ABSTRACT

In the past, the GPT just campaigned on ideals, but it has wasted too many resources in this way: ‘this time we are not just campaigning on ideals, we are campaigning to get elected.’ This was how GPT Co-Convenor Wang Hau-yu described the party’s past and goals for the next round of elections in 2018. There were echoes of Lee Ken-cheng’s controversial 2014 critique of the old GPT (discussed in Chapter 3). It is not certain whether Wang’s remarks were meant as a criticism of the Lee- and Pan-era GPT, but Wang undoubtedly wanted to see a radically different style of party operation. For some this meant the GPT was becoming a professional party that could compete with mainstream parties, but for others it meant the party was selling its soul.

Although Wang was only Co-Convenor for part of the period covered in this chapter, he was by far the most influential and well-known party member until he defected to the DPP after the 2020 election.

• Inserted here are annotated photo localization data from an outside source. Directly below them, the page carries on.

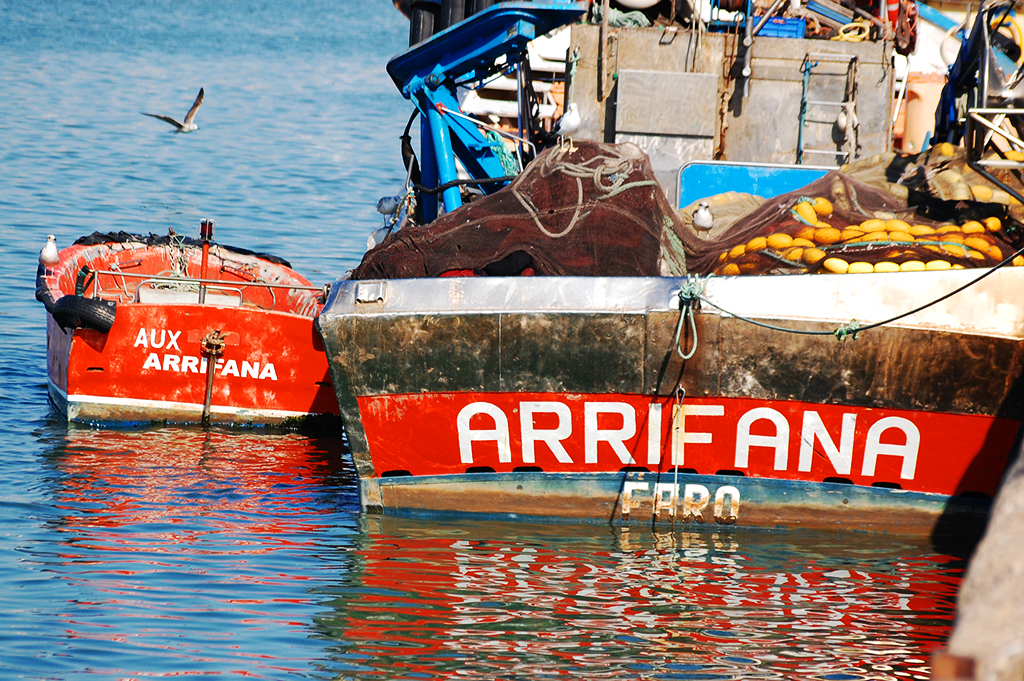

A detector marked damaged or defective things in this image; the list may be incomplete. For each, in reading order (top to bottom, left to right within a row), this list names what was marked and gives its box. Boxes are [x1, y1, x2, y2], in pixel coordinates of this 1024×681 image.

rusty metal panel [610, 70, 716, 137]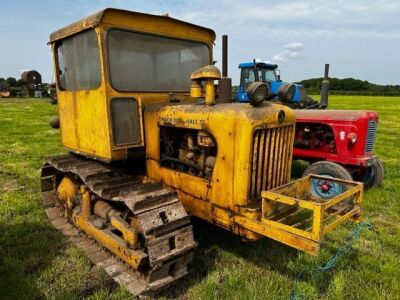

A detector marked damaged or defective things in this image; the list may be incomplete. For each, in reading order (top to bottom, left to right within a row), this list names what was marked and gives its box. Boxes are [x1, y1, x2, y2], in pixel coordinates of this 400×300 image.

rusty metal body [42, 7, 364, 296]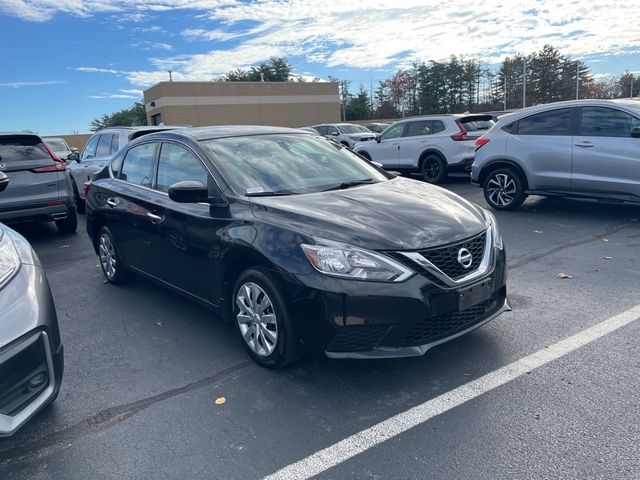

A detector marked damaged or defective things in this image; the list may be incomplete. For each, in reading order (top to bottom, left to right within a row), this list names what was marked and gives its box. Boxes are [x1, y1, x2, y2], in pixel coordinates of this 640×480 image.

asphalt crack [0, 362, 252, 464]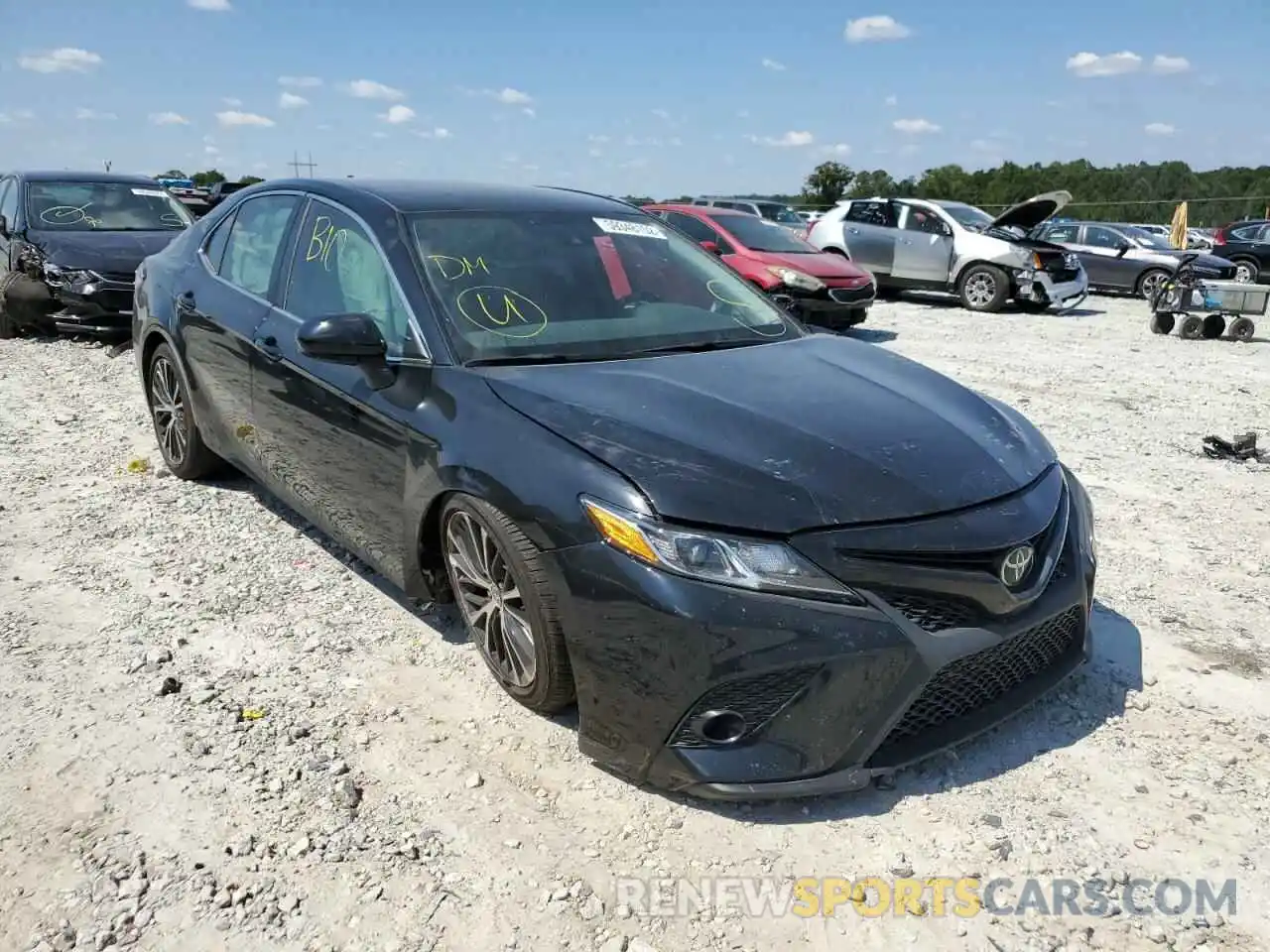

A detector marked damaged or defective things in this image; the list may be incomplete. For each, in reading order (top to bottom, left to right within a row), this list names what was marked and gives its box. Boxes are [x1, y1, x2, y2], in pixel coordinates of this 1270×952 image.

damaged black car [0, 171, 192, 340]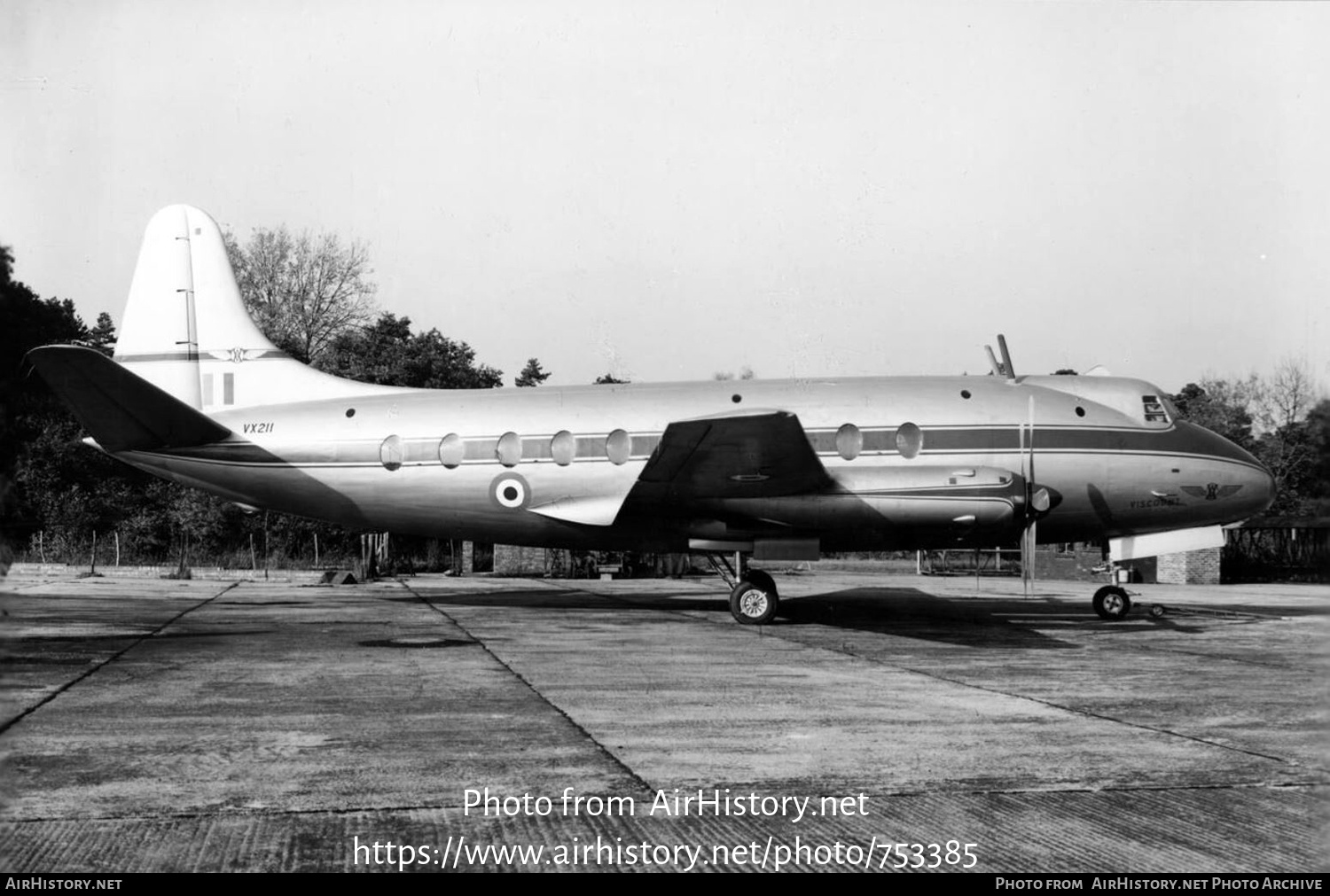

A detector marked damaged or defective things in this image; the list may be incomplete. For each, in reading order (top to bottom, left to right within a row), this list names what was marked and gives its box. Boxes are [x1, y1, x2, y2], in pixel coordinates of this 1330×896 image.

tarmac crack [0, 581, 245, 737]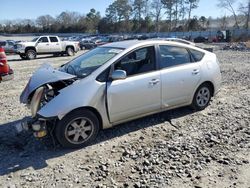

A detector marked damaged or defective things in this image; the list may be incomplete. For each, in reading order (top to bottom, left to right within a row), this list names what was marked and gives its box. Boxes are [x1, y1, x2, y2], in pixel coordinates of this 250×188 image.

damaged front end [17, 64, 76, 139]
crumpled hood [19, 64, 75, 103]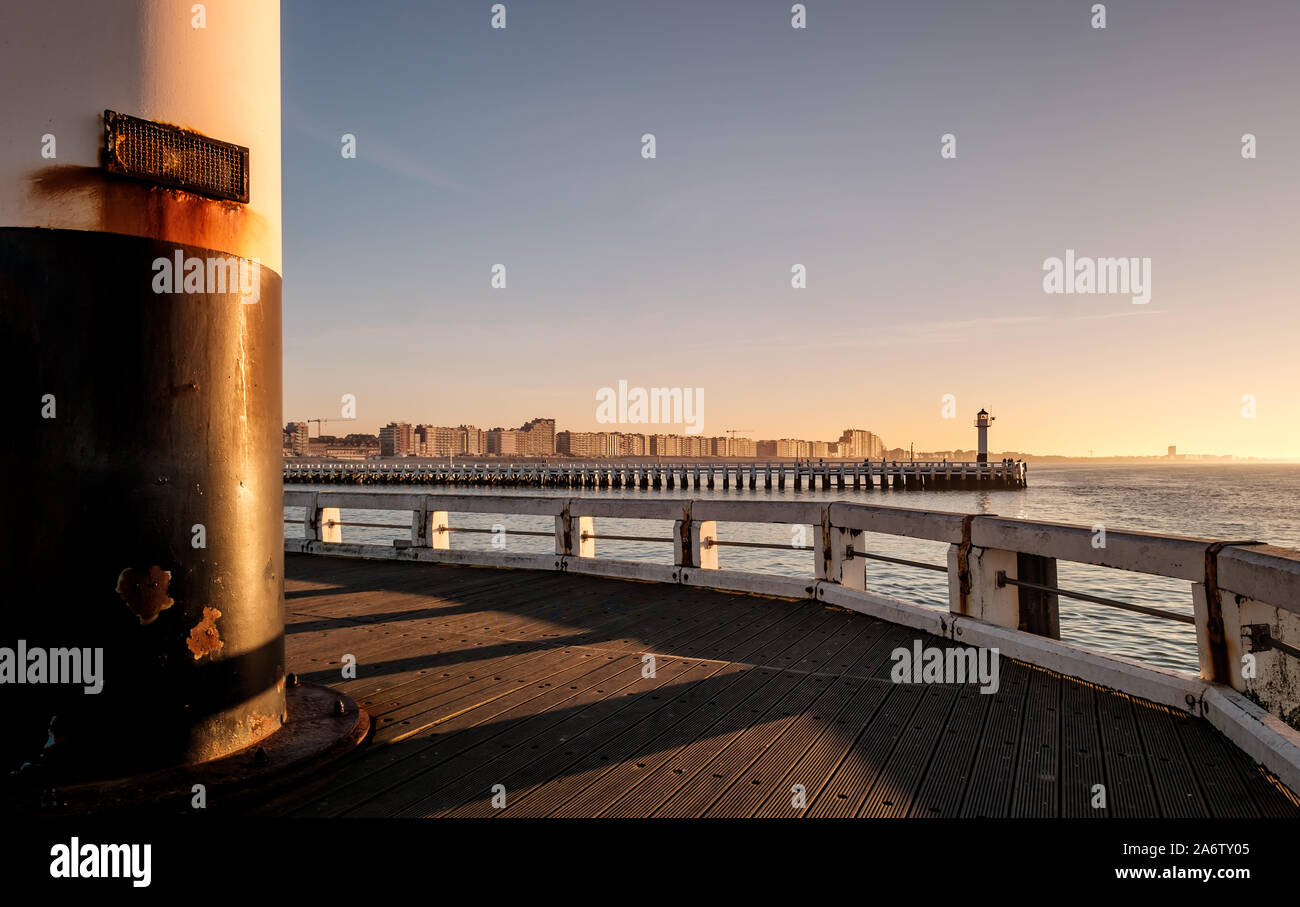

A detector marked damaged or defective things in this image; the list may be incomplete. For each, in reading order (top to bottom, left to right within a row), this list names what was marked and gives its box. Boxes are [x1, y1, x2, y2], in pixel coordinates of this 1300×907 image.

rusty metal column [0, 0, 284, 780]
rust stains [117, 568, 175, 624]
rust stains [186, 608, 224, 664]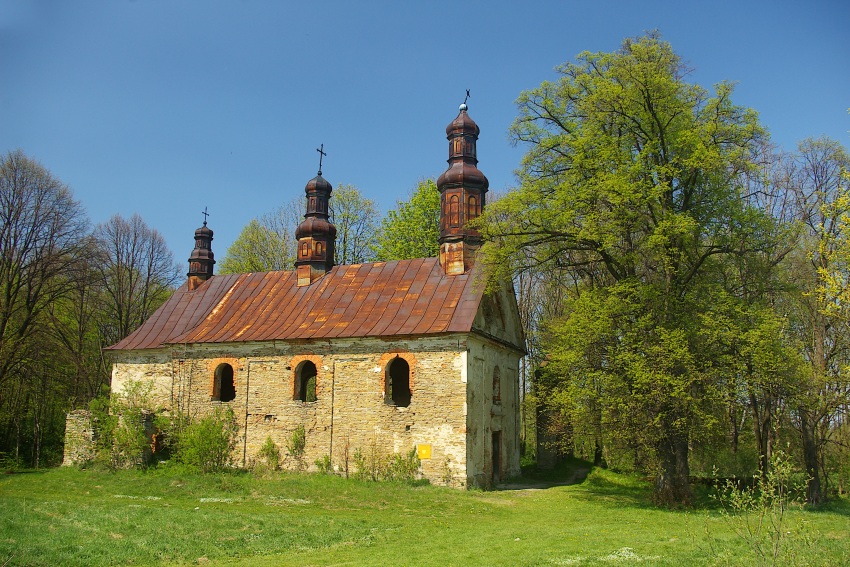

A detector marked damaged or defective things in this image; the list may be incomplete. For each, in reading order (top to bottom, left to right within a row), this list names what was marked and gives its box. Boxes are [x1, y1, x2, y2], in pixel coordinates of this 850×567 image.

rusty metal roof [107, 258, 490, 350]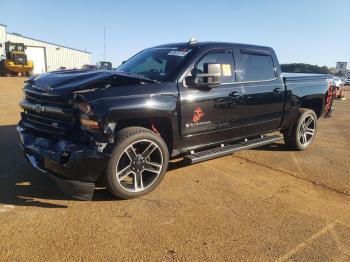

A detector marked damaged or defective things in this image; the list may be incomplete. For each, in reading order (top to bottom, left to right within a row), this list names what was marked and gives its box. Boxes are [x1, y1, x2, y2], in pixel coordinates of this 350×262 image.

crumpled bumper [17, 123, 110, 201]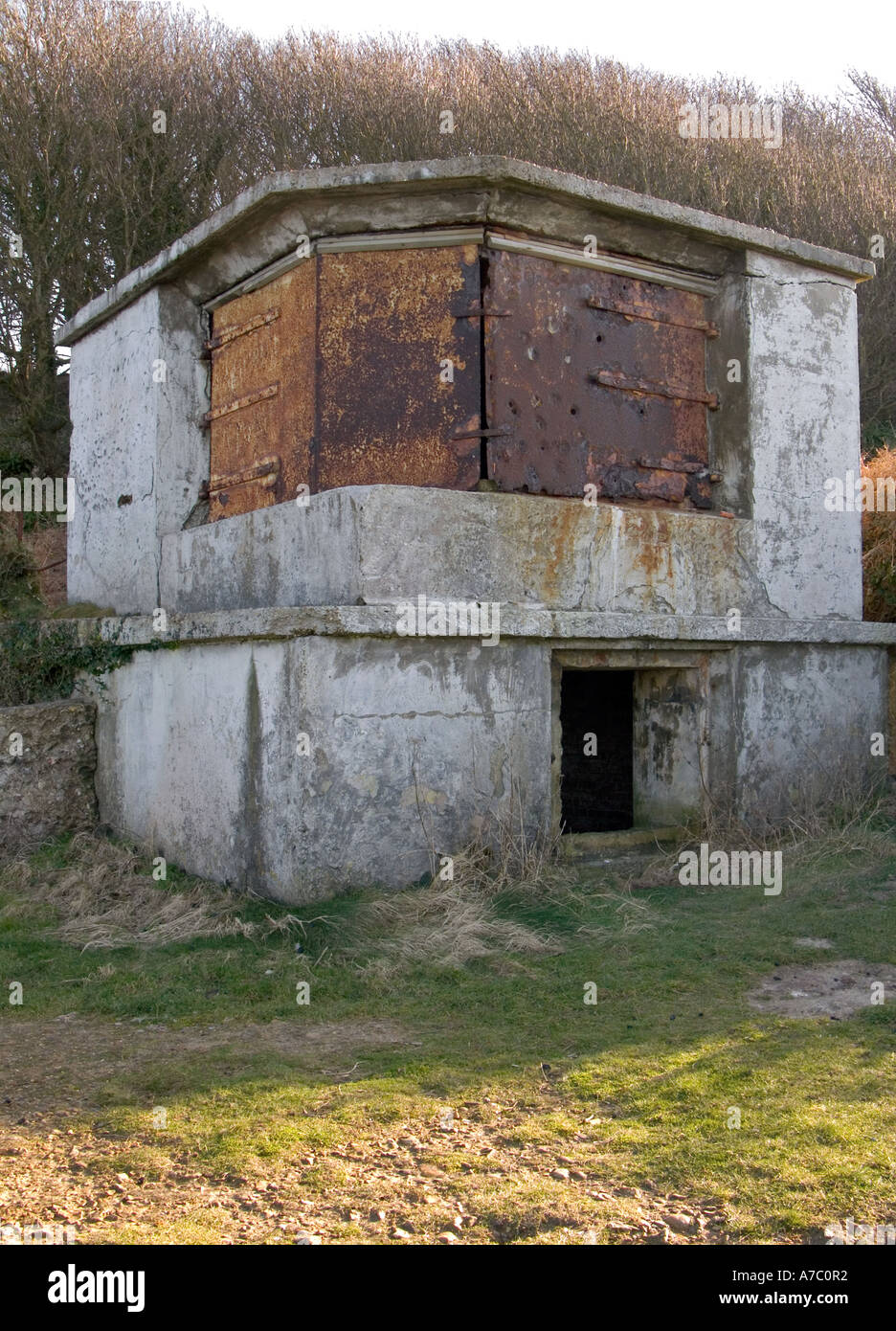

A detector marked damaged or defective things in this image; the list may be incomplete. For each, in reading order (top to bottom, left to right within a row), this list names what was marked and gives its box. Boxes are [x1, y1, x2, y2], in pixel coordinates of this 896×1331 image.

rusty metal shutter [205, 262, 316, 525]
corroded metal panel [209, 262, 316, 521]
corroded metal panel [316, 243, 482, 490]
rusty metal shutter [316, 243, 482, 490]
rusty metal shutter [482, 245, 712, 506]
corroded metal panel [482, 247, 712, 509]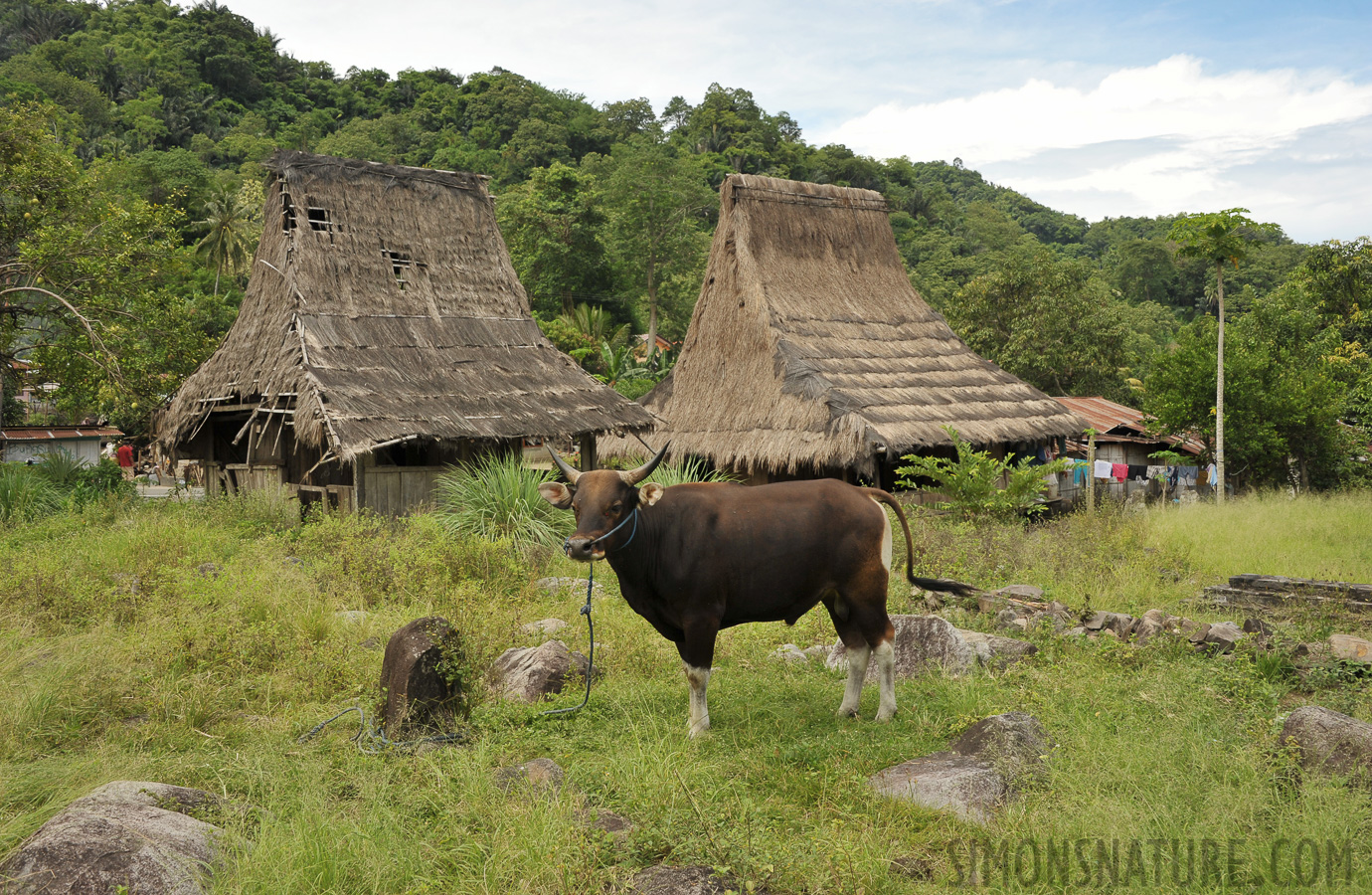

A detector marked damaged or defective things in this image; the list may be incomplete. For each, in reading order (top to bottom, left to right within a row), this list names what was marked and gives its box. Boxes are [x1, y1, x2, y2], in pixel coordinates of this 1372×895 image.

broken thatch opening [157, 150, 650, 507]
broken thatch opening [600, 175, 1081, 482]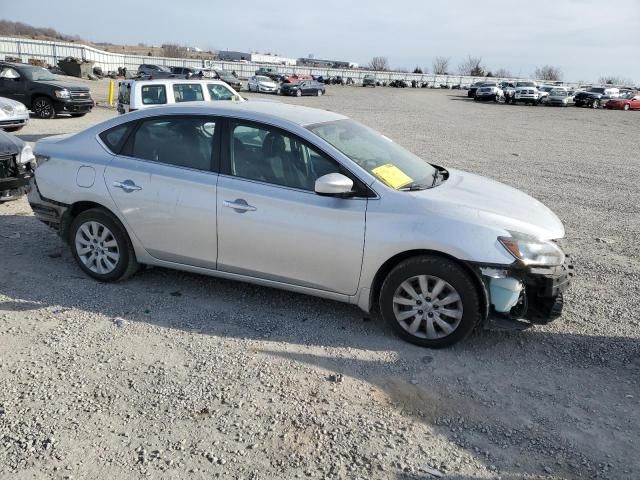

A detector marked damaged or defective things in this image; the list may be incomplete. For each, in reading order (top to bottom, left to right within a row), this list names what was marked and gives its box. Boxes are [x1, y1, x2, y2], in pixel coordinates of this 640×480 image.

damaged vehicle [0, 129, 35, 202]
damaged vehicle [28, 103, 568, 346]
front bumper damage [472, 258, 572, 326]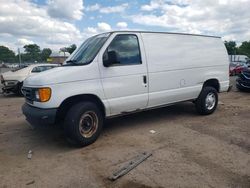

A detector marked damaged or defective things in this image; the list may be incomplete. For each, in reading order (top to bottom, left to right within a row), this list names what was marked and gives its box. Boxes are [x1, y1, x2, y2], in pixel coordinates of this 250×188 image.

damaged vehicle [0, 63, 59, 95]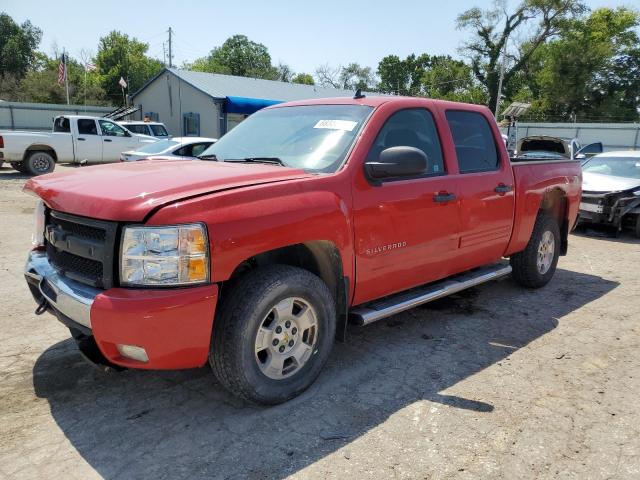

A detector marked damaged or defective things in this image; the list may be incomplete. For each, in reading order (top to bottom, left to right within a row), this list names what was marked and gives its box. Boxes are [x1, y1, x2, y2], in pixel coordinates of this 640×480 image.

In this chapter, I will focus on the first part of this period, from the 2016 defeat through to the first election of the Wang Hau-yu era in 2018. First, I will examine the state of both the GPT and the Trees Party in the aftermath of their 2016 election setbacks. I will then offer a picture of the GPT’s party change through an analysis of its 2018 campaign, which was starkly different from previous local election campaigns in 2014. I will consider how to best explain the GPT’s core patterns of party change in the 2018 campaign. The second puzzle revolves around explaining the GPT and Trees Party’s electoral performance. Why, despite such different campaign strategies and issue appeals, were the GPT’s election results very similar to the last round? I will give less attention to the Trees Party than in the previous chapters, as it only had one serious set of candidates in 2018.